W ostatnim, wiosennym naborze resort zdrowia utworzył 90 miejsc rezydenckich w specjalizacjach lekarsko-dentystycznych. W poprzednim niewiele więcej, 101. Trend utrzymuje się od lat, a jego skutki polska medycyna, pacjenci i system ochrony zdrowia będą odczuwać prawdopodobnie przez dekady.

Małgorzata Solecka

W sumie w 2021 r. Ministerstwo Zdrowia zapewniło 135 miejsc rezydenckich – 34 na wiosnę, 101 jesienią. Najmniej od 2017 r., gdy było ich 78. To jednak nie wszystko. Zmiany w przepisach, uchwalone razem z dużą nowelizacją ustawy o zawodach lekarza i lekarza dentysty, wymusiły na placówkach prowadzących specjalizację w trybie pozarezydenckim likwidację wolontariatu. To zmiana, o którą przez kilka lat walczyli młodzi lekarze, zmiana w pełni zgodna z prawem UE i poczuciem sprawiedliwości – za pracę należy się wynagrodzenie, a lekarz i lekarz dentysta w trakcie specjalizacji pracuje.

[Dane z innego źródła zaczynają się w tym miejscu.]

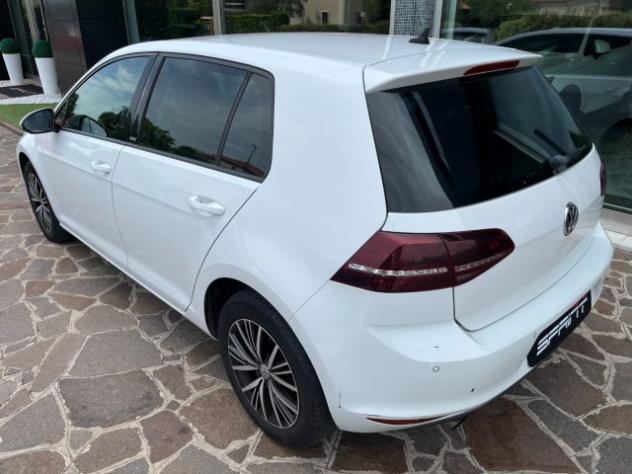 VOLKSWAGEN Golf 1.6 TDI 110CV 5P. ALLSTAR rif. 23775782 - Foto 2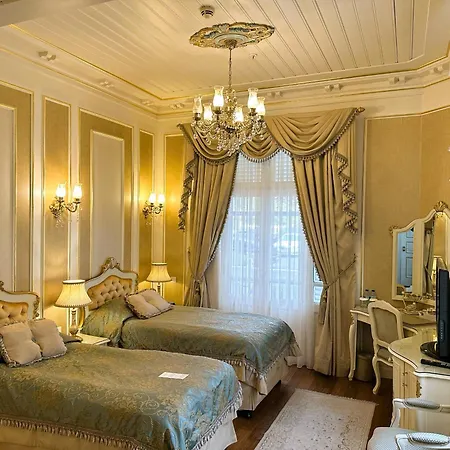 Limak Yalova Thermal Boutique 4*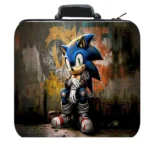 کیف PS4 طرح Sonic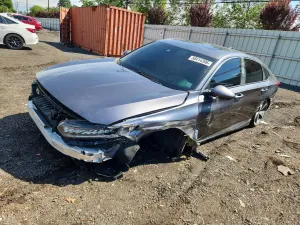 Honda Accord 1.5L 4 2018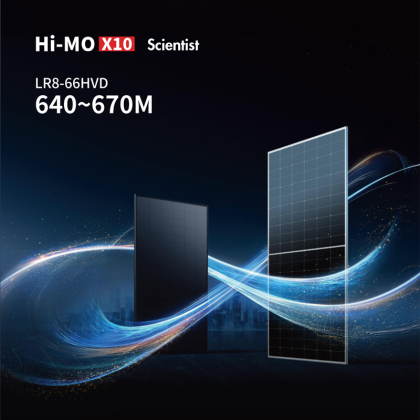 Hi-MO X10 LR8-66HVD 640-670W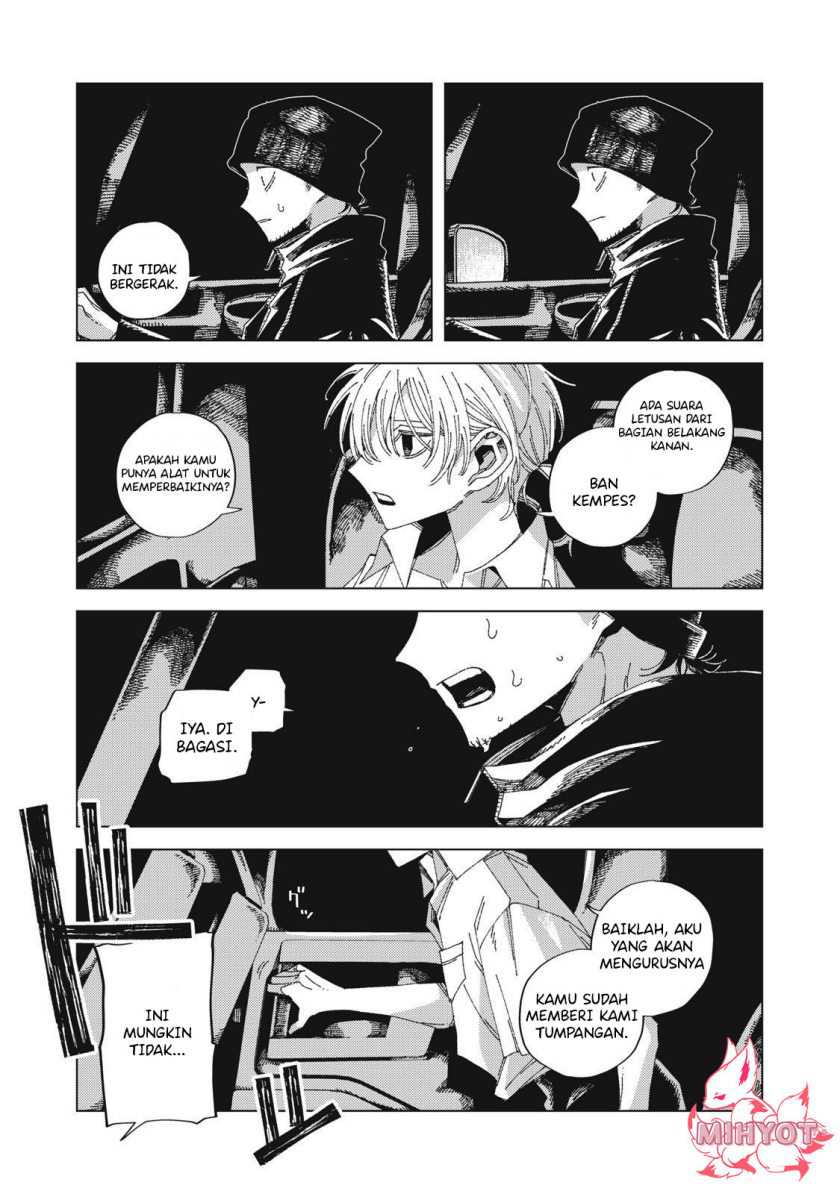 Hinata to Onii-chan Chapter 01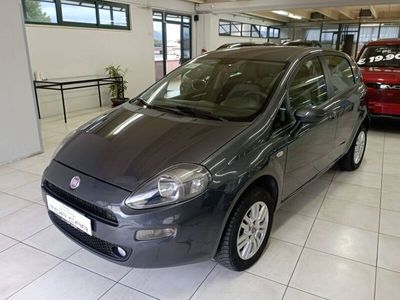 usata Fiat Punto 1.4 natural power Lounge 70cv 5p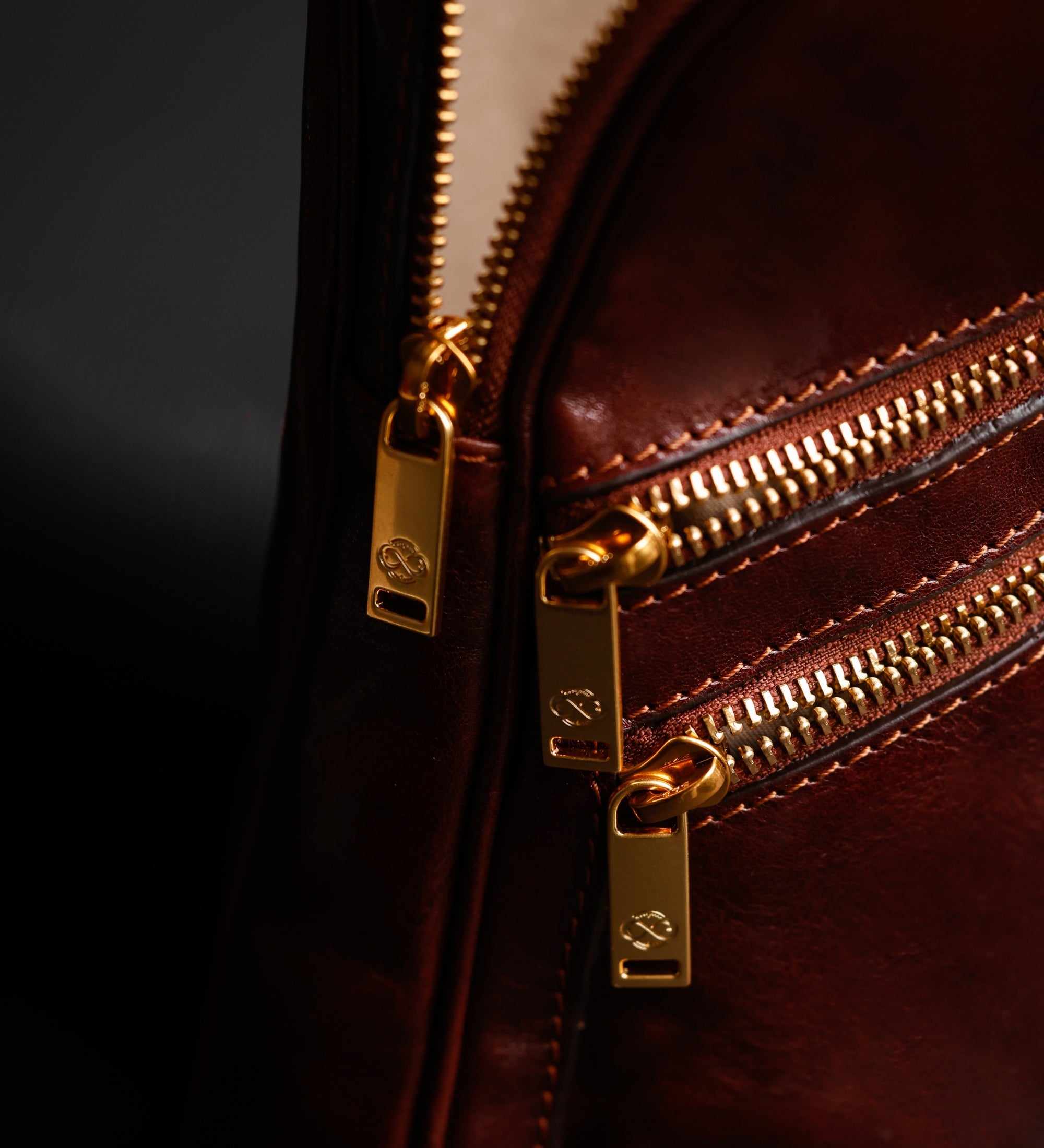 Sac bandoulière en cuir Catch-22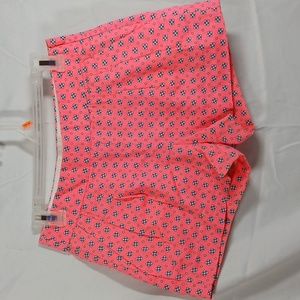 Fabulous pinkish shorts from j crew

Jednak nie bez powodu likwidacja wolontariatu wzbudziła największe kontrowersje i opór w środowisku stomatologów, a obawy podzielali również, przynajmniej częściowo, młodzi lekarze dentyści: znikoma liczba miejsc rezydenckich była w pewnym stopniu uzupełniana możliwością zrobienia specjalizacji w prywatnych placówkach. W tej chwili praktycznie zainteresowanie wygasło, ponieważ prywatnym podmiotom bardziej opłaca się zatrudniać lekarzy dentystów bez specjalizacji i w pełni wykorzystywać ich pracę, niż łączyć to z prowadzeniem szkolenia specjalizacyjnego. Efekt? Możliwość uzyskania specjalizacji jest w praktyce ograniczona do większych ośrodków akademickich. Z danych wynika, że lwia część (około 90 proc.) miejsc, w których lekarze dentyści mogą się specjalizować, znajduje się w placówkach uniwersyteckich. To błędne koło, bo potencjał uczelni, choćby ze względu na mało atrakcyjne – w porównaniu z sektorem prywatnym – zarobki, jest nie tylko określony, lecz wręcz ograniczony. Nie ma też efektu kuli, gdyż ci, którzy uzyskują w ostatnich latach (dekadach?) tytuł specjalisty, nie tylko nie zostają w akredytowanych placówkach, ale niemal wszyscy emigrują do prywatnego sektora. Który – tu następuje domknięcie koła – nie włącza się w szkolenie kolejnych specjalistów.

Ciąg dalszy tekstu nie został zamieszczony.